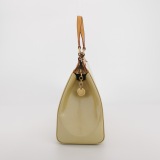 Louis Vuitton(LV) Brea Handbag Monogram Vernis MM — thumbnail 4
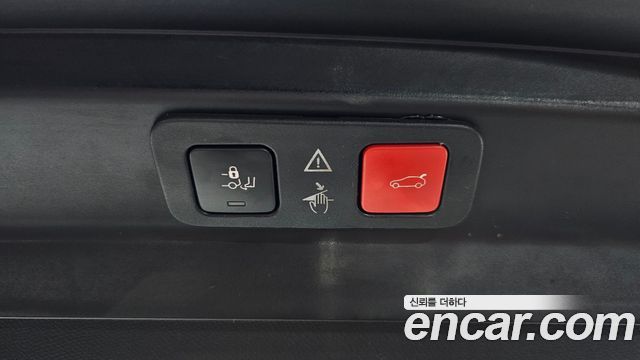 Peugeot 5008 (II) 1.6 BlueHDi GT Line 2018 — фото 39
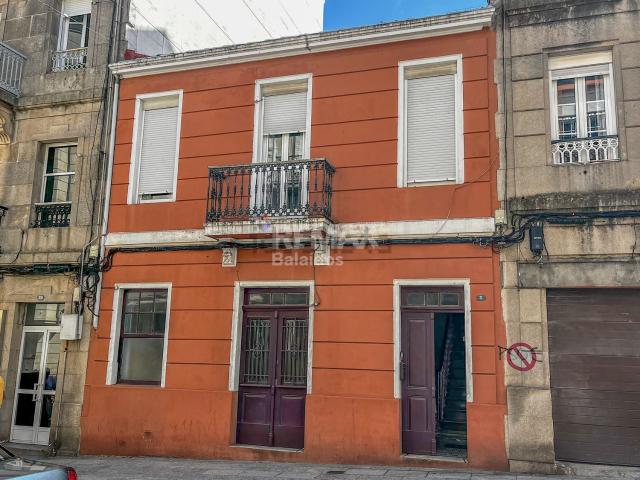 Casa en venta en Lavadores, Vigo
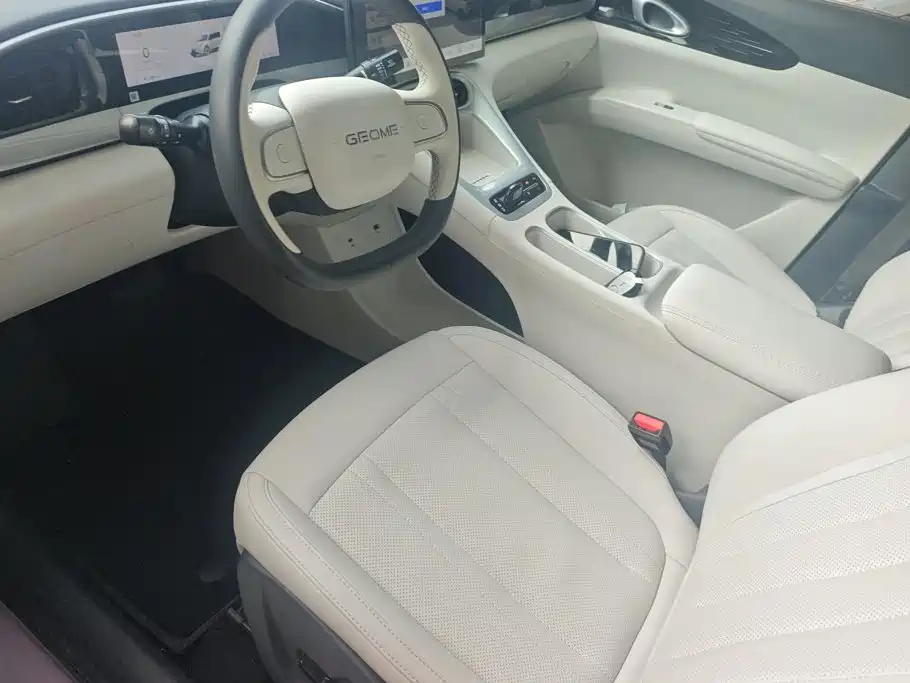 Geely Galaxy Starwish 2025 — фото 9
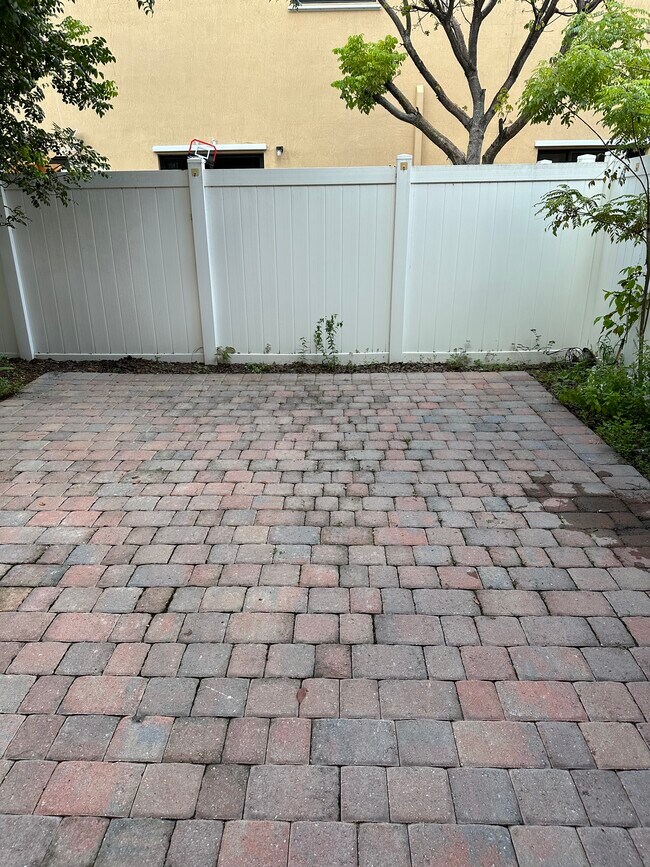 Foto del edificio - 9336 W 33rd Ave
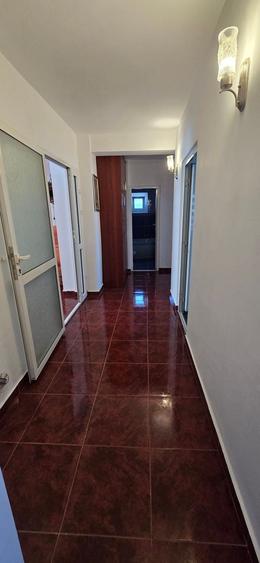 Apartament cu 4 camere decomandat, mobilat în Micro 3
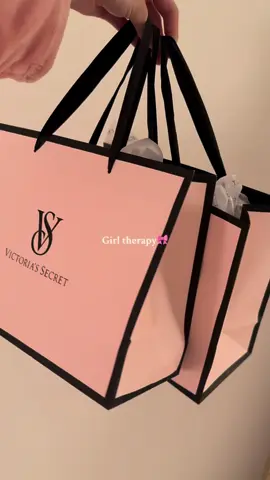 Girl therapy🎀✨💕 #girltherapy #shopping #aesthetic #victoriassecret #girlythings 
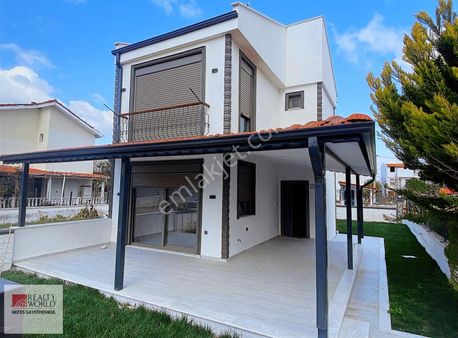 Rw Nefes'ten Altınova'da İyi Konumlu 2+1 Müstakil Villa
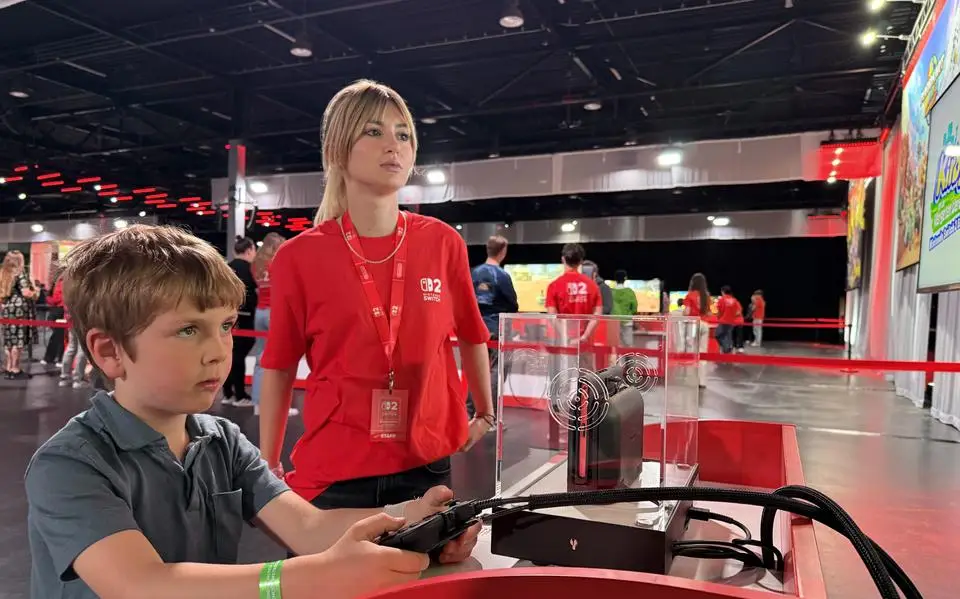 Sam (6) uit Bakkeveen mocht als eerste Nederlandse kleuter op nieuwe Nintendo Switch 2 spelen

** HOW TO COMPLETE THIS TASK **
Pictures do not belong in the copy. Repeat exactly each line from the one with "Casa en venta en Lavadores, Vigo" through the end of the listing.

** WORKED SOLUTION **
 Casa en venta en Lavadores, Vigo
 Geely Galaxy Starwish 2025 — фото 9
 Foto del edificio - 9336 W 33rd Ave
 Apartament cu 4 camere decomandat, mobilat în Micro 3
 Girl therapy🎀✨💕 #girltherapy #shopping #aesthetic #victoriassecret #girlythings 
 Rw Nefes'ten Altınova'da İyi Konumlu 2+1 Müstakil Villa
 Sam (6) uit Bakkeveen mocht als eerste Nederlandse kleuter op nieuwe Nintendo Switch 2 spelen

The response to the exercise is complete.